Un membre du Comité a demandé à Mme Ize-Charrin si elle disposait d'éléments d'information concernant le soutien politique des États et des entités de la société civile à la réforme proposée. Quel sera le fondement de la décision des États, a-t-il demandé ? Vont-il voir dans cet organe unifié une instance plus efficace et plus contraignante, comparable à une juridiction internationale ? Ou alors, vont-il appuyer la réforme en considérant qu'il pourrait en résulter une allègement de leurs obligations ?

Un autre membre du Comité, relevant que Mme Ize-Charrin avait précisé que, dans la réflexion sur la création d'une instance unifiée, il était tenu compte des expériences régionales, a rappelé qu'à bien des égards le modèle européen mettait en œuvre une approche sectorielle des droits de l'homme et non une approche unifiée. L'expert a ajouté qu'il en allait ainsi également dans le système inter-américain, dans une moindre mesure toutefois. Par ailleurs, a demandé l'expert, le Haut Commissariat pense-t-il qu'un instrument conventionnel est indispensable à la réforme telle qu'elle est envisagée à l'heure actuelle ?

Un autre membre du Comité s'est pour sa part demandé, dans le cas où un protocole serait nécessaire à l'institution d'un organe unifié, quelles mesures seraient prises pour assurer le fonctionnement du système pendant une période de transition qui pourrait durer des années.

Un autre expert a pour sa part estimé qu'il serait peut être opportun d'envisager une réforme progressive.

Une experte a déclaré que Mme Ize-Charrin avait apaisé certaines de ses craintes en affirmant que la réforme envisagée ne se ferait pas dans la précipitation et que les membres des différents comités seraient pleinement associés au processus de consultation. L'experte a insisté sur la nécessité de préserver les acquis importants de chaque comité. Elle a émis des doutes quant à l'utilité de fusionner les différents comités en une seule instance. Une «compression» des différents instruments serait pénalisante pour les droits de l'homme, a-t-elle estimé. En Afrique, a-t-elle précisé, nous avons commencé par la mise en place d'un système unique de protection des droits de l'homme et nous en venons aujourd'hui à une approche sectorielle des droits humains. Quand la tendance est à la mise en œuvre d'approches sectorielles pourquoi les Nations Unies s'engageraient-elles dans un processus inverse ?

Un membre du Comité a mis en garde contre toute velléité en matière de réforme. On ne doit pas «faire une réforme pour faire une réforme» et l'on doit se garder de toute illusion en la matière. La question qui nous est posée est celle de l'obtention d'un engagement plus ferme des États en matière de droits de l'homme. Comment obtenir un engagement plus ferme des États à la cause des droits de l'homme ? Dans ce contexte, il convient d'envisager plusieurs options possibles et de ne pas en retenir une seule.

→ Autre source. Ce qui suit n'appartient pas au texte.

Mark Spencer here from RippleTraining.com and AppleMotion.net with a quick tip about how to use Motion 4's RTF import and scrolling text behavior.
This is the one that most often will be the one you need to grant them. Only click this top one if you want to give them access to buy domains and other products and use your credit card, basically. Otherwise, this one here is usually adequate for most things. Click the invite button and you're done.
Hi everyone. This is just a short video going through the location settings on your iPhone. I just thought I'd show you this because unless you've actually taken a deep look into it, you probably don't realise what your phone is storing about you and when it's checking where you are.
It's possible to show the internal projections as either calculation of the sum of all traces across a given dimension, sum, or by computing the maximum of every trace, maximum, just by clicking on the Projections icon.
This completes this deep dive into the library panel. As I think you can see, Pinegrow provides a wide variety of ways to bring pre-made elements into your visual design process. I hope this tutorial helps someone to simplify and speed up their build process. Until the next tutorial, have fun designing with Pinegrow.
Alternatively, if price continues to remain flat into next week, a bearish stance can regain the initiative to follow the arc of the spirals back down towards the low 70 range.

Un expert s'est demandé pourquoi, de toutes les réformes qui ont été envisagées au cours des années en vue d'accroître la visibilité du système onusien de protection des droits de l'homme, une seule subsiste, celle de la création d'une instance unifiée.

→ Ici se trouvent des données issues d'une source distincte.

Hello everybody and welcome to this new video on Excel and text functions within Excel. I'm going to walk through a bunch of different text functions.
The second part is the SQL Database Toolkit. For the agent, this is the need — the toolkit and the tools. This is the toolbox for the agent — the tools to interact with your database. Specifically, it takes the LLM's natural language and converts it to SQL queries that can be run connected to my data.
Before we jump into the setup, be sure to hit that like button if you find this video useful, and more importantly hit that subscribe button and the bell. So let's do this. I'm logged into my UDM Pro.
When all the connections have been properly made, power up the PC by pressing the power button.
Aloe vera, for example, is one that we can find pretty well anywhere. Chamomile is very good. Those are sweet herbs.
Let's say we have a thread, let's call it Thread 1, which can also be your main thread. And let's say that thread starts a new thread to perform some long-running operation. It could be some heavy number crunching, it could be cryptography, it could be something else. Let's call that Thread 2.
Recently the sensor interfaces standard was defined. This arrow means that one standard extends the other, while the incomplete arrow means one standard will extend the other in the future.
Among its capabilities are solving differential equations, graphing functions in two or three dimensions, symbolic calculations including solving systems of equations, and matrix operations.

Renseignements complémentaires du Haut Commissariat aux droits de l'homme

Répondant aux questions posées par les experts, Mme María Francisca Ize-Charrin a notamment déclaré que si elle n'était pas en mesure de répondre à toutes les questions posées par les experts, elle avait pris note des nombreux avis exprimés, soulignant qu'ils seraient très utiles dans le cadre de l'élaboration du document de travail. Le dialogue avec les États a tout juste commencé, a-t-elle ajouté. Plusieurs représentants d'États parties ont appuyé l'idée de la production d'un document de base élargi et de rapports ciblés. Mme Ize-Charrin a dit que le Haut Commissariat avait besoin de l'aide des experts sur des questions techniques et, par exemple, pour partager leur expérience régionale. Elle a déclaré que la question du financement du nouveau système devra être examinée et a indiqué que des estimations seront présentées ultérieurement. Les États se sont engagés à augmenter le budget ordinaire du Haut Commissariat et il pourra également compter sur des ressources extrabudgétaires accrues, a-t-elle déclaré. Mme Ize-Charrin a par ailleurs déclaré que si le rapport du Secrétaire général évoque la mise en place d'un système unifié, il n'en existe pas moins un grand nombre de modalités possibles.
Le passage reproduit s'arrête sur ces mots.